Tan Wah Piow's Suitcases
Three days ago I watched To Singapore With Love in a sparsely-filled auditorium. Since I already knew the broad strokes of the film, I tried to pay attention to style. The most tender moment of this documentary is not visual, but sonic: when the late Francis Khoo’s voice appears, haunting, dripping with 1970s karaoke sensibility, singing his own song about seeing home some day, played over the image of the Malaysian landscape through a cruising car. Imagine the hours Tan Pin Pin must have taken to agonise over how to craft this scene.
Two years ago, a number of movers and shakers released a manifesto for the arts. It included such key phrases as “Art can be challenged but not censored,” “Art is fundamental,” “do not attempt to define Art for others,” and “Art is political.” For me, only when art ceases to be political will censorship cease. And any call to stop people from defining art is self defeating. If artists don’t try to define art for their audiences in their work, they’re dead, and if artists think only artists get to define art, then we’re all dead. I wouldn’t dare to leave all my politics in the hands of politicians, and the same goes for art in the hands of artists.
When I write a poem, I am selecting a hundred or so words from a repository of millions, placing them in such and such an order, breaking a line here and not there, punctuating, deciding where to begin and where to end. If I am writing a sonnet, I know what I want from it, its argument, its turn, its compressed slice of thinking through a problem and attempting a solution. If I choose to write a sonnet, I am subject to rules which I can break to productive effect, but if broken too much, will result in a work that I can no longer, in good conscience, call a sonnet. Even after all of this, the poem is still subject to edits from my future self and from other forces I have less control over—the workshop group, the publisher, the trusted friend.
About one third of the way through the film, someone paused it, and the house the lights went up. Something was wrong with the video—an almost-invisible line divided the screen into two, the top half lagging just a few frames behind the bottom. Tan Wah Piow’s face was broken into two, his eyes unnaturally disconnected from his mouth as he drove past Tudor houses on the way to his London law firm. However, even after restarting, the glitch continued to manifest itself. It wasn’t the end of the world, but it was annoying, and added a slightly anxious tone to the whole affair. Someone said, “I don’t think MDA is trying to do anything funny”. Nothing to be done. Lights went down.
Censorship, to me, represents an institution taking the freedom of speech seriously, as a means of communicating both the need to be responsible in that freedom, as well as assuming the power of the censored message. When, a couple years ago, my Facebook comments on an activist group were deleted repeatedly, I did not disagree with the act of deletion, but I did wonder about the intentions of a group who would cry out against censorship while exercising their right to censor in the name of safe space. I see many establishment efforts to censor as efforts to create safe space, whether I agree with actual individual acts of censorship or not.

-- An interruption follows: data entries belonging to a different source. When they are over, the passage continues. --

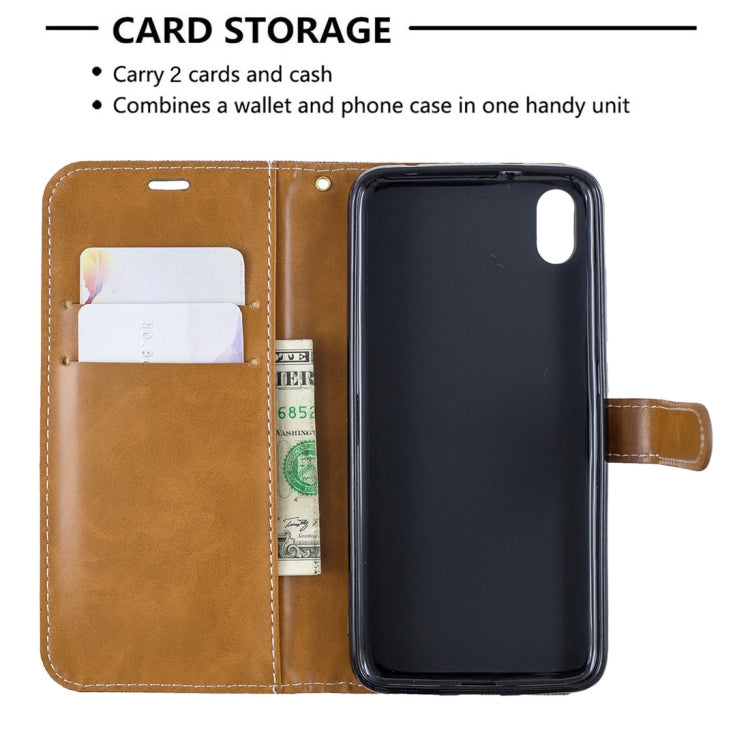 Color Matching Denim Texture Horizontal Flip Leather Case with Holder & Card Slots & Wallet & Lanyard for Xiaomi Redmi 7A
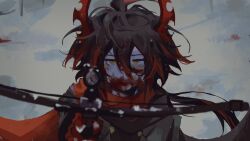 Rule 34 | 1boy, absurdres, blood, blood on face, blood on ground, blood on hands, bow (weapon), brown hair, bullying, buttons, colored skin, commentary, crossbow, demon boy, demon horns, double-breasted, double-parted bangs, english commentary, funamusea, hair between eyes, highres, holding, holding crossbow, holding weapon, horns, ivlis (haiiro teien), looking at viewer, messy hair, multicolored hair, pointing, pointing at viewer, pov, red eyes, red scarf, scarf, short hair, snow, streaked hair, takobatsu, weapon, white skin, yellow eyes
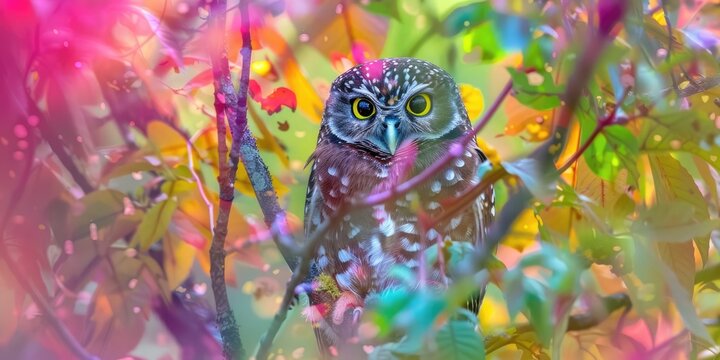 Pygmy Owl blending in with the surrounding leaves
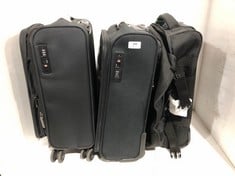 3 X ASSORTED JOHN LEWIS TRAVEL CASES TO INCLUDE SMALL BLACK FABRIC SPINNER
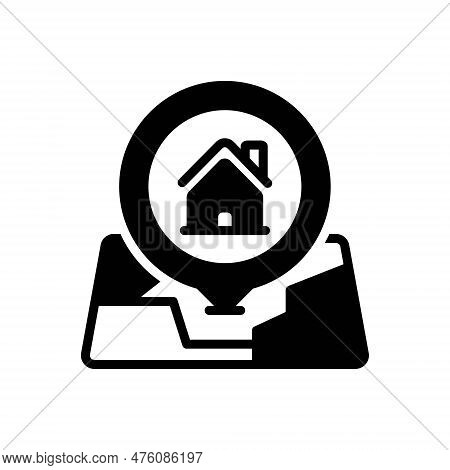Black Solid Icon For Situated Stable Established Placed Settled Property House Location
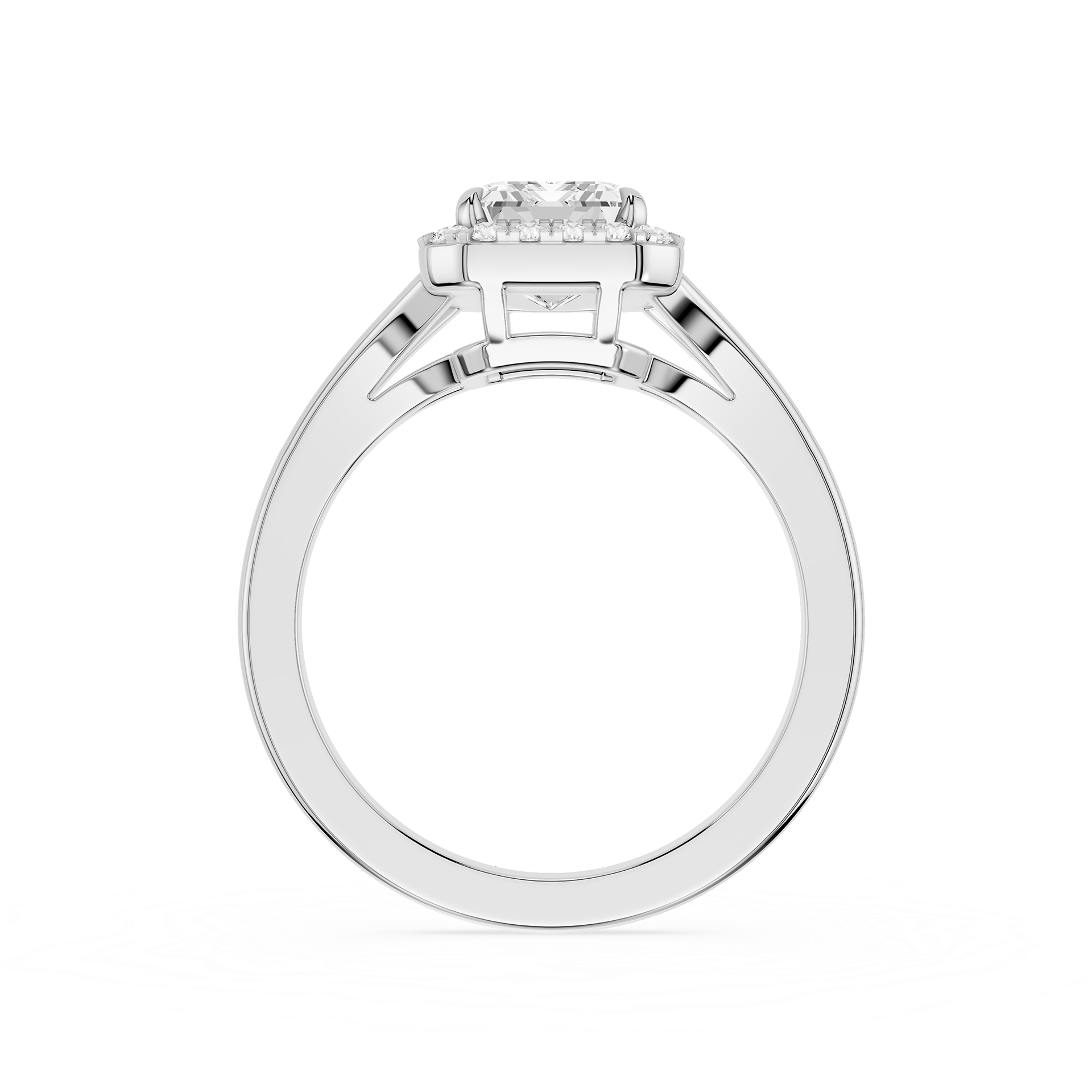 Diamond ring with a white background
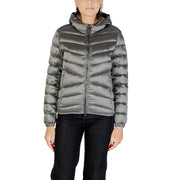 Graue Damen-Steppjacke mit Kapuze von Colmar Originals aus metallisch schimmerndem Polyester mit Steppdesign und Kapuze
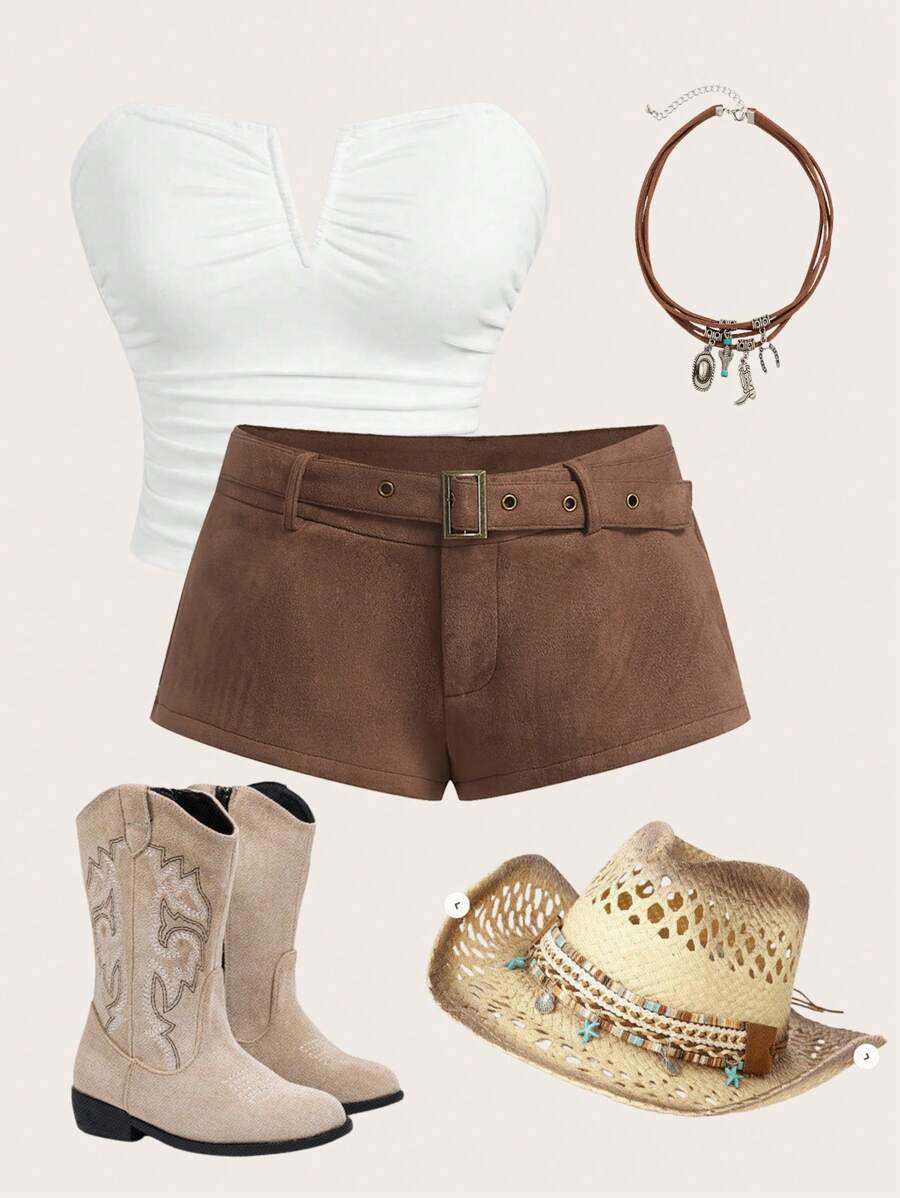 SHEIN EZwear 女士西部装铆钉仿麂皮超短裤（配腰带），音乐节 - 棕色 - 查看 1
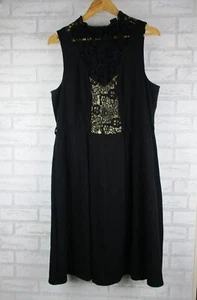 City Chic womens pencil dress black lace nude lining M 18 sleeveless - Picture 1 of 10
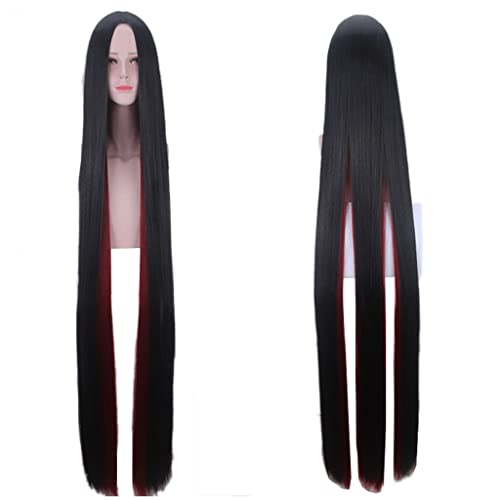 HBYLEE- Anime Cosplay Perücke für Bort Perücke,1.5M Long Straight Black and Red Perücke Synthetisches Haar,Halloween Kostüm Perücke,für Party Karneval Weihnachten[Farbe:Black] von HBYLEE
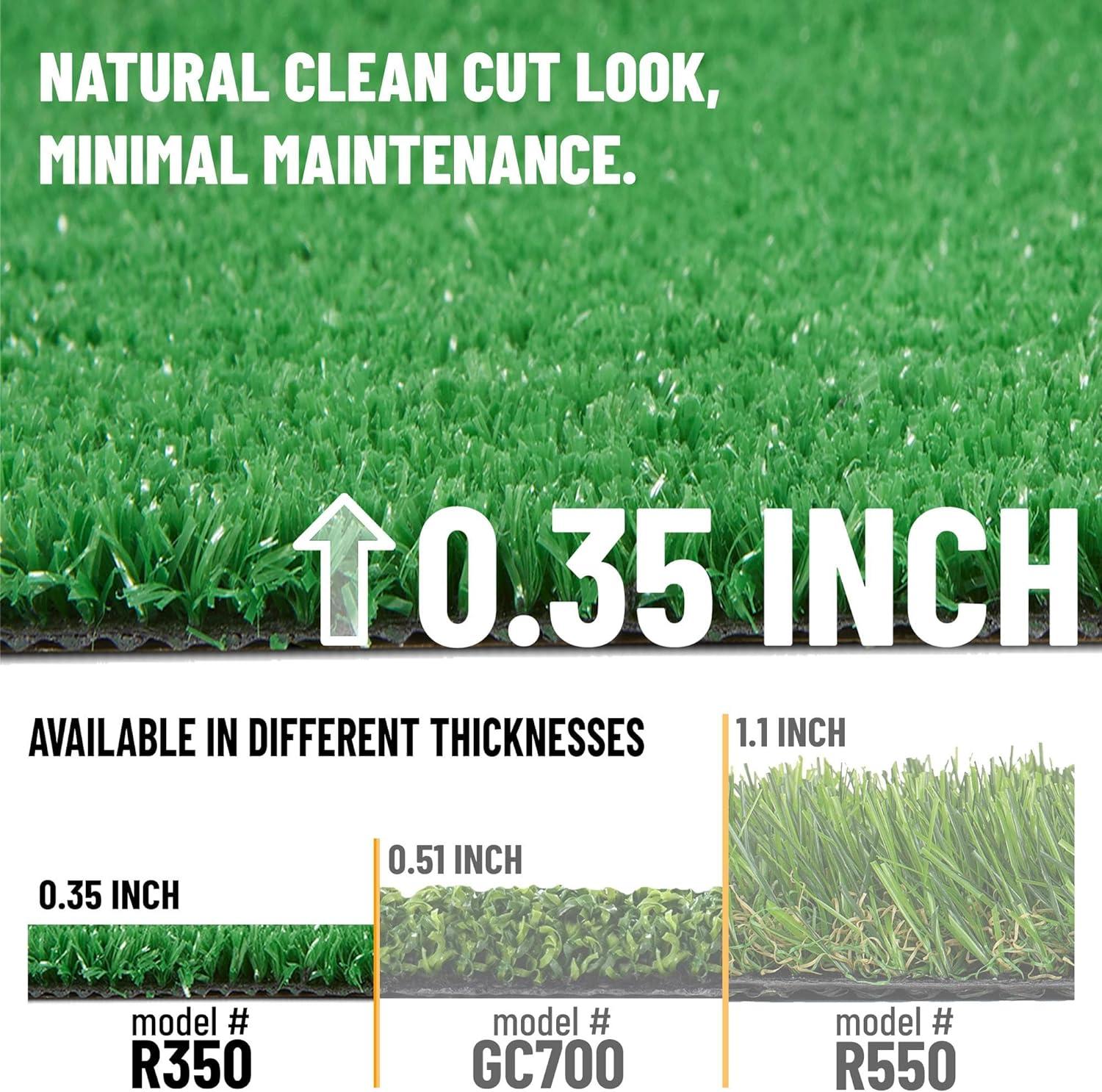 Ottomanson Artificial Grass Turf 7'10" x 9'10" Indoor Outdoor Faux Grass Rug with Drainage Holes, Customizable with Extra Long Size Options, Perfect for Patio Lawn Balcony Weddings Photoshoot Backdrop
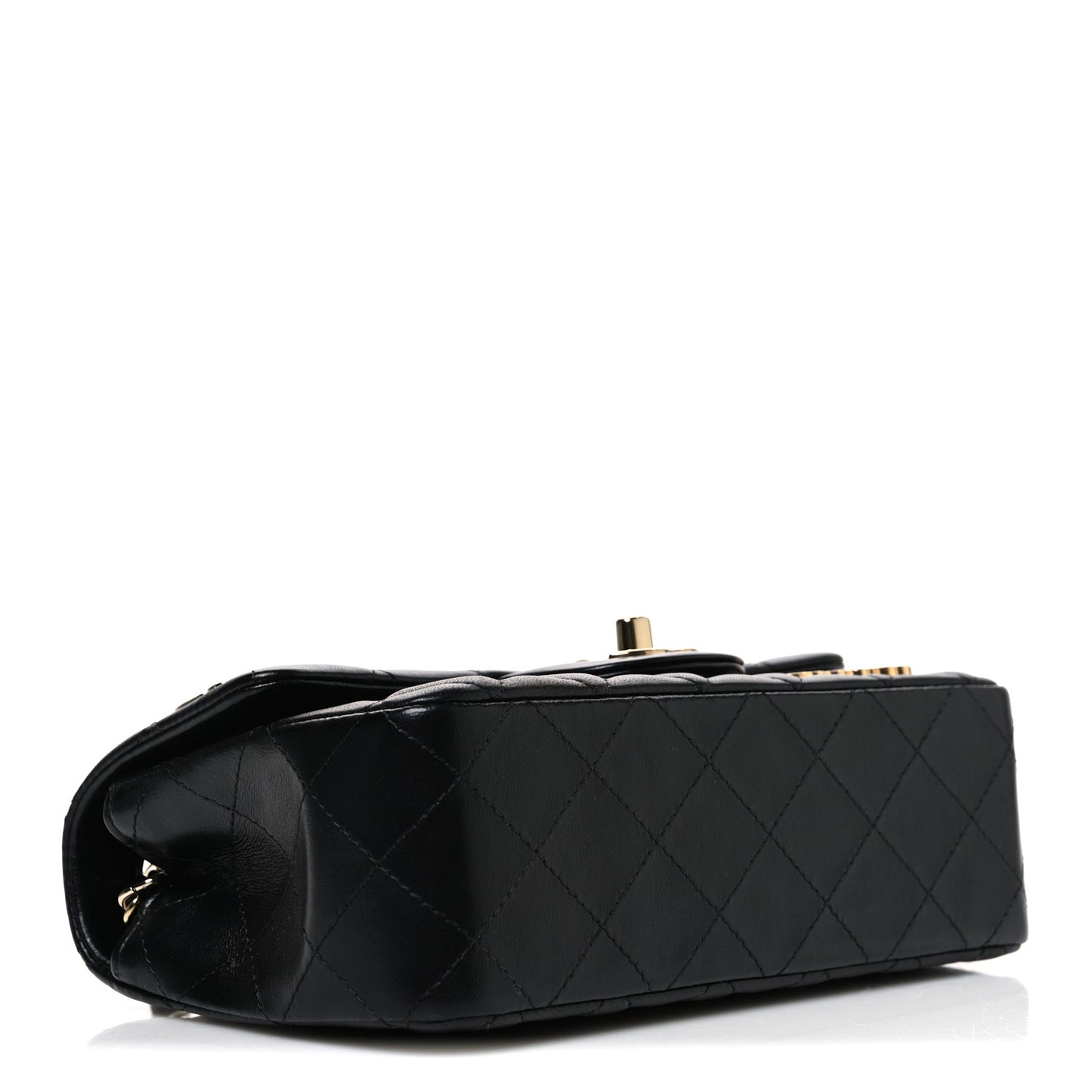 Lambskin Quilted Hollywood Charms Mini Rectangular Flap Black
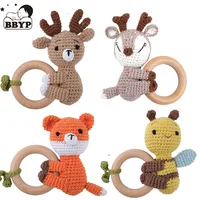 1pc BPA Free DIY Crochet Elk Fox Bee Baby Teether Wooden Teether Ring Rattle Newborn Teething Nursing Soother Molar Educational 1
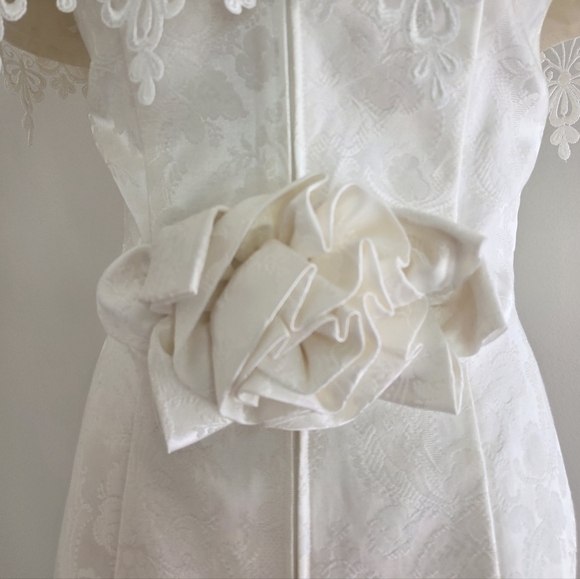 Jessica McClintock Vintage Lace Jacquard Brocade Wedding Dress Bridal Medium - Picture 8 of 13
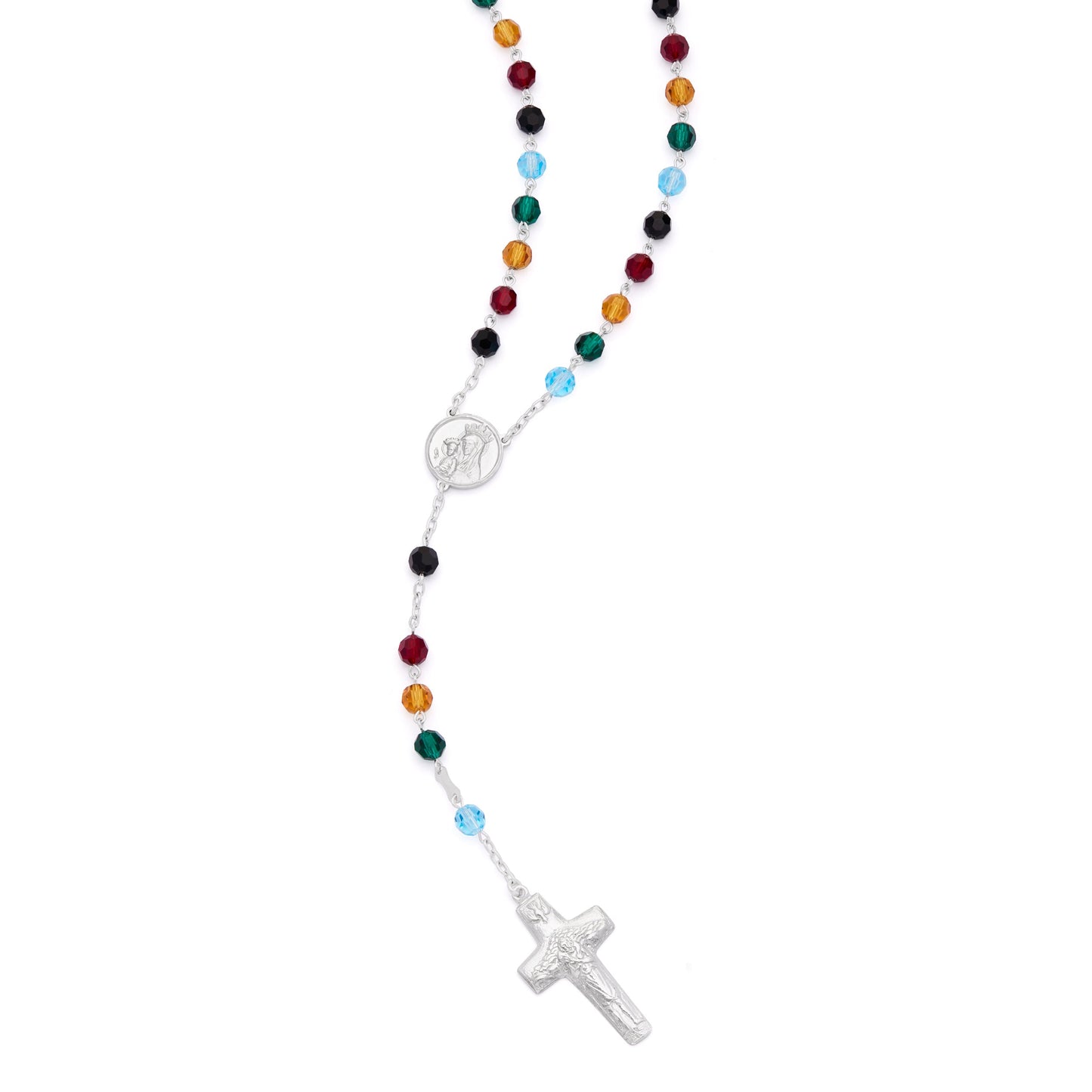 MONDO CATTOLICO ROMA Rosary 50 cm (19.69 in) / 68 cm (26.77 in) / 6 mm (0.24 in) Sterling Silver Jubilee 2025 Rosary with Crystal Beads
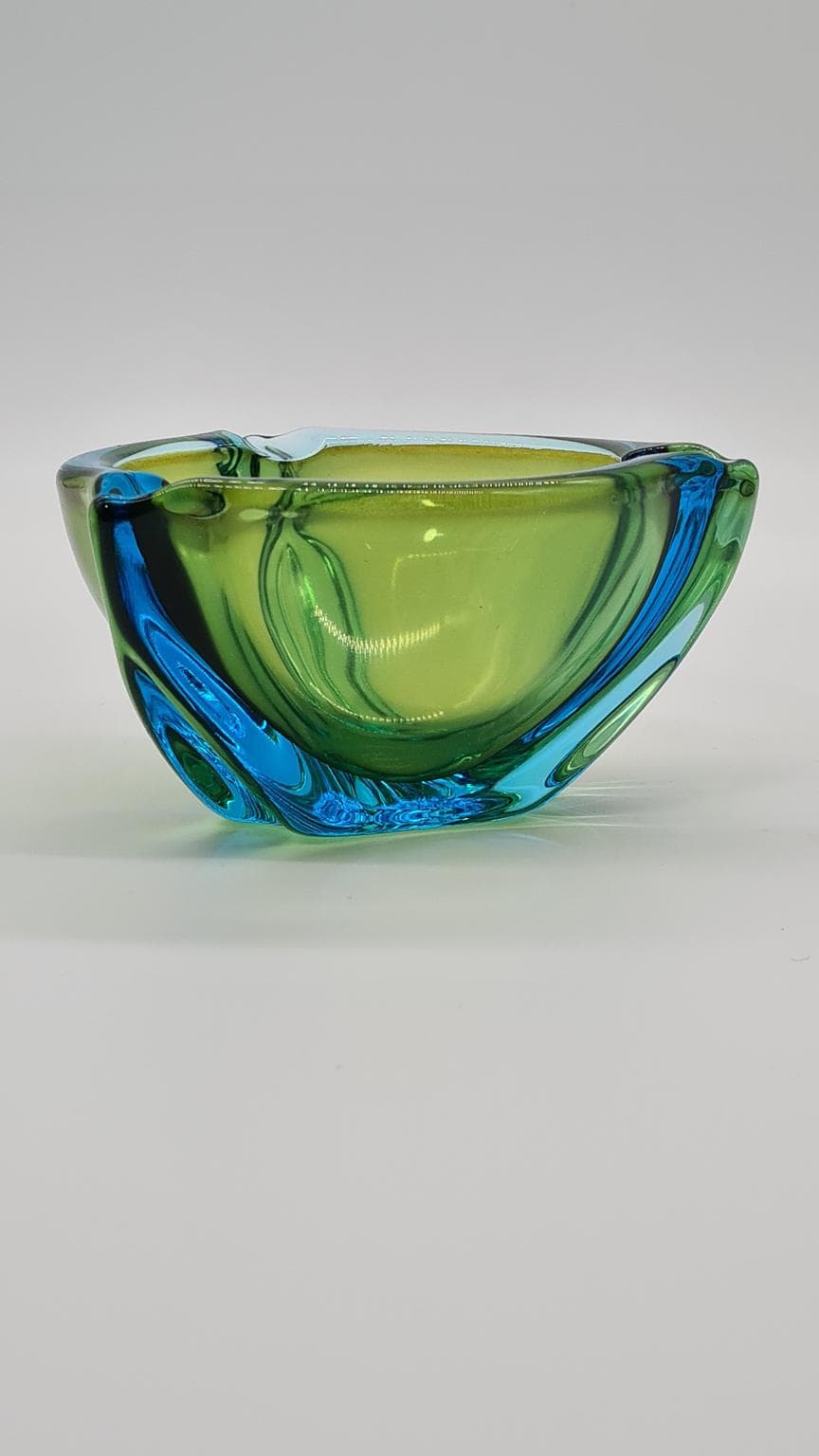 Popielniczka Murano, zielony niebieski, szkło, Włochy, lata 70. - 169533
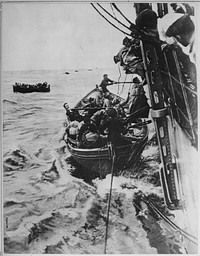 Photograph of Passengers Rescued from the French Liner Sontay, 04/1918. Original public domain image from Flickr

I have to admit that on some level it’s very shiok to read something like Kuo Pao Kun’s The Coffin is Too Big for the Hole and realise what it says in the face of what it’s not explicitly allowed to. Kuo was also detained in 1976, for four years and seven months. In 1992, his citizenship was reinstated. He is a pillar of Singapore theatre. Artists are creative problem-solvers, and I like to think that difficult, out-of-bounds topics are problems ripest for creative solutions. As an artist who has never been censored by the government, I imagine all artists thrive off the potential of censorship. Pushing boundaries only makes sense, becomes powerful, if there are clear boundaries to be pushed in the first place.
At the end of the screening the director took questions. Someone asked if there was any way the film could have incorporated different points of view. Perhaps, if there was a more even-handed way of telling the story of our exiles, then the film would be unbanned, reach more eyeballs. I can’t remember her answer in full, but I do recall her face, rightly assessing the question as ridiculous and missing the point. A balanced account was never the intention. She just wanted to tell, in the most powerful way possible, the tale our exiles tell themselves. In order to do that, she had to select as I select words to fit into a form.
This is another scene that stood out to me: Tan Wah Piow shuffles to his little shed in a corner of his lawn. He drags out two suitcases, dark blue, old, we would call them vintage. He says that these two suitcases contained everything he brought when he fled Singapore to start life again in London. Just two suitcases. And he says, if he ever gets back, that he will take with him nothing more than what they will carry.